Given to discrete probability distribution $\mathbf{p}:=(p_1,p_2,\dots,p_n)$ and $\mathbf{q}:=(q_1,q_2,\dots,q_n)$, the Hellinger distance between $\mathbf{p}$ and $\mathbf{q}$ is defined as:
$$
d_H(\mathbf{p},\mathbf{q}):=\frac{1}{\sqrt{2}}\left\|\mathbf{p}^{1/2}-\mathbf{q}^{1/2}\right\|_2=\frac{1}{\sqrt{2}}\left(\sum_{i=1}^n \left(\sqrt{p_i}-\sqrt{q_i}\right)^2\right)^{1/2},
$$
Why is this distance extensively exploited in statistics and probability? What is the geometrical/statistical interpretation of this distance? Assuming that $\mathbf{p},\mathbf{q}$ represent vectors and not probability distributions, has this distance been studied in other areas different from statistics?
My questions are not technical, but I was not able to find references which clearly address them.
Thank you for your help.
Best Answer
From my understanding, the equation can be rewritten as (Cha, 2007)
$$ 2\sqrt{1 - \sum_{i=1}^n\sqrt{p_iq_i}} $$
Here we can see that the part below is basically the geometric mean. This mean is useful in comparing values with different ranges. It denotes a central value for the product of two probabilities, rather than the middle value in an arithmetic way.

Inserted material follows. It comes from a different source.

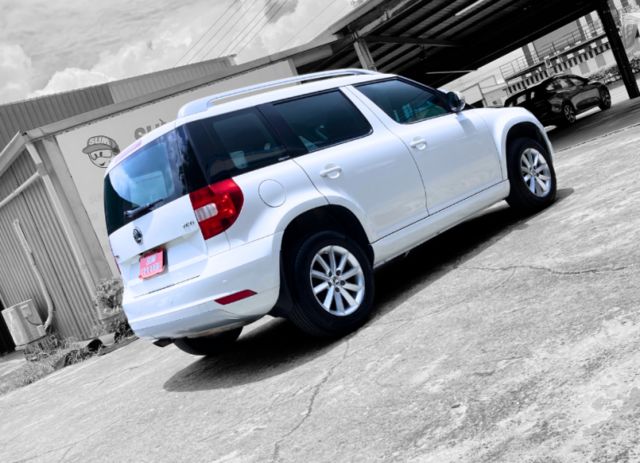 YETI/ 1.2省油省稅金/ 倒車顯影/ 車況極佳  第6張相片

$$ \sum_{i=1}^n\sqrt{p_iq_i} $$
In comparing two probability distributions, the probability of an event or outcome for both distributions are plugged in the formula and compared. When there is no overlap (either or both values are 0) the maximum distance is assigned. When components are non-empty there is a certain overlap and a distance is calculated.
From this point I do not understand why the geometric mean is subtracted from 1 and a second square root is taken. I do know that the formula is very powerful in high-dimensional data or skewed distributions through class imbalances. The distance metric should be insensitive the skewed date. For example, within computer sciences one application of hellinger distance is anomaly detection.
Hopefully, someone else can contribute to answer these open questions.
Cha, Sung-Hyuk, Comprehensive Survey on Distance/Similarity Measures between Probability Density Functions, 2007.